DESCRIPTION OF THE TASK: Copy the first line of the material below and every later line through the line containing "Um desenho a", without any other output.

RECORDS SHOWN:
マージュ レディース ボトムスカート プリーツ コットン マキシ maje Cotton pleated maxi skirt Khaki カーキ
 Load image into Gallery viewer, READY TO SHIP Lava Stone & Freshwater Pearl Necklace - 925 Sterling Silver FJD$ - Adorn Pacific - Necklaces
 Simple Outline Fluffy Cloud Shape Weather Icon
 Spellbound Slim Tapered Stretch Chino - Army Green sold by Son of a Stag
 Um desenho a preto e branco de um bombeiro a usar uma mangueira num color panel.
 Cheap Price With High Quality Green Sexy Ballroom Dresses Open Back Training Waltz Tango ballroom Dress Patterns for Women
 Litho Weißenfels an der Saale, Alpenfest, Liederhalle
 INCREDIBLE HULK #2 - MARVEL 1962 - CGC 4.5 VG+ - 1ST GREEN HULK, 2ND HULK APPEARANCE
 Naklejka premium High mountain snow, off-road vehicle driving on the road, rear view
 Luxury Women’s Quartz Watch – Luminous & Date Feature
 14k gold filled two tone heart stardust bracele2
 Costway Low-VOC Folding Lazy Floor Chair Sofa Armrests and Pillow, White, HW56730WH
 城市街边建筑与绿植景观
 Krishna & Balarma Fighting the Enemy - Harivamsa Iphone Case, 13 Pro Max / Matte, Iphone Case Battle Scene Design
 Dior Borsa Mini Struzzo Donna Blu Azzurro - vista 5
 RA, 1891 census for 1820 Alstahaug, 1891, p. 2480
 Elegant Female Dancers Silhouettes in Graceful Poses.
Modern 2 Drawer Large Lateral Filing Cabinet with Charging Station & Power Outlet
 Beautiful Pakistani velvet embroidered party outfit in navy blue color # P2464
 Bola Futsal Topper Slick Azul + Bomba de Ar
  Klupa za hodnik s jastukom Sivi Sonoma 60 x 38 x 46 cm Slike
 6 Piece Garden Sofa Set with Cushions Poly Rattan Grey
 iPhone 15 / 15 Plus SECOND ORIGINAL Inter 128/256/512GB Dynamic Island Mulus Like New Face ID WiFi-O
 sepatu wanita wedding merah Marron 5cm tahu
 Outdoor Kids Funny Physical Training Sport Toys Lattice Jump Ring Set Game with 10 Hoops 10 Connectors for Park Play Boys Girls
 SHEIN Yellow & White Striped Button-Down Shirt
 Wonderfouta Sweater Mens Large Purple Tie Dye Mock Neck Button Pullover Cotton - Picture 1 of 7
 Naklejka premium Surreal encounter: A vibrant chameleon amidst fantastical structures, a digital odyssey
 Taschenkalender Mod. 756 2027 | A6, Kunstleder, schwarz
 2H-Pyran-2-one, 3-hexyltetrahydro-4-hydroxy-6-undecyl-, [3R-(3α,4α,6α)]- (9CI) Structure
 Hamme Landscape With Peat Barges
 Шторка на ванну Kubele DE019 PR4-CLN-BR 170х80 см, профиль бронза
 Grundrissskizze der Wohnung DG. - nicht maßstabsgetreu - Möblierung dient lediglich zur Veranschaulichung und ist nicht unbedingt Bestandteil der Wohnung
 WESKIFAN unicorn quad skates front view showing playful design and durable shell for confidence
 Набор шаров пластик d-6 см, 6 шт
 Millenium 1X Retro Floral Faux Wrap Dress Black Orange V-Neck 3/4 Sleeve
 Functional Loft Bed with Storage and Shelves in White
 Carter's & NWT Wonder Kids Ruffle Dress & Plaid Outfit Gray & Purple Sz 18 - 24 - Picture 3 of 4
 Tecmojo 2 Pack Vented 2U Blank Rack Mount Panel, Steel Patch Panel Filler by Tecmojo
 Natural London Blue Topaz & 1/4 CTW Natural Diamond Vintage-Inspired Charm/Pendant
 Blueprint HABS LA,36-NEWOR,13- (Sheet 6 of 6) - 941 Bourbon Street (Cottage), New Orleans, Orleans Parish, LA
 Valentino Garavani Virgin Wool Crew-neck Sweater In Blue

YOUR RESPONSE:
マージュ レディース ボトムスカート プリーツ コットン マキシ maje Cotton pleated maxi skirt Khaki カーキ
 Load image into Gallery viewer, READY TO SHIP Lava Stone & Freshwater Pearl Necklace - 925 Sterling Silver FJD$ - Adorn Pacific - Necklaces
 Simple Outline Fluffy Cloud Shape Weather Icon
 Spellbound Slim Tapered Stretch Chino - Army Green sold by Son of a Stag
 Um desenho a preto e branco de um bombeiro a usar uma mangueira num color panel.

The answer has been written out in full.